Return the lines beginning at the one that contains "Child clown with" and continuing to the end of the entries, including both ends, exactly as written and nothing else.

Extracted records
◆ ◆ ◆ ◆
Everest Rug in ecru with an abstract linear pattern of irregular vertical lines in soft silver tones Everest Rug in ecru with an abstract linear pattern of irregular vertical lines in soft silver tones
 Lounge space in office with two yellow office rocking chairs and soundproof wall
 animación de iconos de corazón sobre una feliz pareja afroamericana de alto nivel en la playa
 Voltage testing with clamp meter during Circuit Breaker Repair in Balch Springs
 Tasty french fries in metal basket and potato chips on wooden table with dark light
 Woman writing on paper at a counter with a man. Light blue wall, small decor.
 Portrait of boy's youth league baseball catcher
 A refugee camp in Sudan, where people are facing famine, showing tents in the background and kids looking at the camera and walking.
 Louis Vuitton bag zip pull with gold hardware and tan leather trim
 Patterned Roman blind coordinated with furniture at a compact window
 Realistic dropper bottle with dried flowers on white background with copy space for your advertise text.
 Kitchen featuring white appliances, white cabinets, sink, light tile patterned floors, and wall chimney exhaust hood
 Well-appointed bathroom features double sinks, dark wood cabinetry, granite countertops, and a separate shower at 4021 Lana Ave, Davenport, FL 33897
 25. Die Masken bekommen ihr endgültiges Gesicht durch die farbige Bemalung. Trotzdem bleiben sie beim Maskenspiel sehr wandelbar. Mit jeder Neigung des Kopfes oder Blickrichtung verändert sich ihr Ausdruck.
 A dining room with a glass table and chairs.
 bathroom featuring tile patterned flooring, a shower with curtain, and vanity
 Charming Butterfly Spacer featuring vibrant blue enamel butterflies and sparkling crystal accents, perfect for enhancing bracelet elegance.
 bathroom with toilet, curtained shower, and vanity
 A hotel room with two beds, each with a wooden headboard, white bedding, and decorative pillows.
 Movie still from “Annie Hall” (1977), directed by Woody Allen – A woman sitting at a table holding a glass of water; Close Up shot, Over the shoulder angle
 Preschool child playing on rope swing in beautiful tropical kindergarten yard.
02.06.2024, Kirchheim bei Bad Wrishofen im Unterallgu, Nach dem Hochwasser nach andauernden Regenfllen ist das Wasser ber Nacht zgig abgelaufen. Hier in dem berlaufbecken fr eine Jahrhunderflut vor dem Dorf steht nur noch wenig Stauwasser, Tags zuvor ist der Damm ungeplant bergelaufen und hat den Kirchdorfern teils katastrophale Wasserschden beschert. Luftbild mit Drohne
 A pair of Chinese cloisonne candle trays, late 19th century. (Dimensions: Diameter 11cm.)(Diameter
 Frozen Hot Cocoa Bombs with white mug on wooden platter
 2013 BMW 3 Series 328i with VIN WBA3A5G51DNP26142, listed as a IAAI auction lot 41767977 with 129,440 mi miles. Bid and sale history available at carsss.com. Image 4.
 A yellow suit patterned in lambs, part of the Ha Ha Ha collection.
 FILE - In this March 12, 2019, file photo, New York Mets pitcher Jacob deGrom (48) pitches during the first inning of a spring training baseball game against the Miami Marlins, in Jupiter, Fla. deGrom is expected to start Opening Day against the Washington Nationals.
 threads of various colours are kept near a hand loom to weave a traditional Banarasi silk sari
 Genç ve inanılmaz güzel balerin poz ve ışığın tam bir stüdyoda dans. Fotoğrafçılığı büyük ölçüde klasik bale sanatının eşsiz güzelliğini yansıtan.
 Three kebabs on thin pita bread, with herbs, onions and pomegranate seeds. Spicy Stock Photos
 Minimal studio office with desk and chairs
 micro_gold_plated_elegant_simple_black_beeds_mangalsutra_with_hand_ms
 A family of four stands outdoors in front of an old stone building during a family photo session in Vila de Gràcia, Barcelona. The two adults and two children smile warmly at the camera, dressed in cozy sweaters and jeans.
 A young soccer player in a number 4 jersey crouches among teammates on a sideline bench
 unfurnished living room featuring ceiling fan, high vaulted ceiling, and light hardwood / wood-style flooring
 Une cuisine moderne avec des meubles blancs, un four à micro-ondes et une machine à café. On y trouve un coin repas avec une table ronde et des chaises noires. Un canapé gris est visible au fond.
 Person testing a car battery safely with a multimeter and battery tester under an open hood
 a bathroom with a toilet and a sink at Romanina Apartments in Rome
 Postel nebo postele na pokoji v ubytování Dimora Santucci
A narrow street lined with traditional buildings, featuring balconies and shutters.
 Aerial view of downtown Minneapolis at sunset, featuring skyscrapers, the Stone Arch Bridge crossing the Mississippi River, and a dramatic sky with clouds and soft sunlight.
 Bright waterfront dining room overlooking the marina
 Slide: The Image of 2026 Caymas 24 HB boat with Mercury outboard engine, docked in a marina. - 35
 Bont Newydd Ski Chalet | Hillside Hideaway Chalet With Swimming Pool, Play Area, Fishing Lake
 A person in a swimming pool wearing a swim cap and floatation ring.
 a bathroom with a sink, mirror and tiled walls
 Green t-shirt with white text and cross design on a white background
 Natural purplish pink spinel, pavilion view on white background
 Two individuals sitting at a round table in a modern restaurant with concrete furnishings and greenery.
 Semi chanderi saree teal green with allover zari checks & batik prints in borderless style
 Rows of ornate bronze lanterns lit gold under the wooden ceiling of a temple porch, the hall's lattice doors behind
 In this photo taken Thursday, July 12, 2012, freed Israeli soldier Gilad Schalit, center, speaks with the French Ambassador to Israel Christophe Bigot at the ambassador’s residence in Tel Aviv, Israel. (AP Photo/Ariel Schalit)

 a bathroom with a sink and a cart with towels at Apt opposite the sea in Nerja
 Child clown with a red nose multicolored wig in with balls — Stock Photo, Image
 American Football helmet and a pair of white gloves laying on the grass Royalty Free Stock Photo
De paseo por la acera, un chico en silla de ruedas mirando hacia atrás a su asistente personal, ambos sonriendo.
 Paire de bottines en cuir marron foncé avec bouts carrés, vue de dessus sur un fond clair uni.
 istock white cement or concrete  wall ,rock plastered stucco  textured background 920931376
◆ ◆ ◆ ◆
Response below »
 Child clown with a red nose multicolored wig in with balls — Stock Photo, Image
 American Football helmet and a pair of white gloves laying on the grass Royalty Free Stock Photo
De paseo por la acera, un chico en silla de ruedas mirando hacia atrás a su asistente personal, ambos sonriendo.
 Paire de bottines en cuir marron foncé avec bouts carrés, vue de dessus sur un fond clair uni.
 istock white cement or concrete  wall ,rock plastered stucco  textured background 920931376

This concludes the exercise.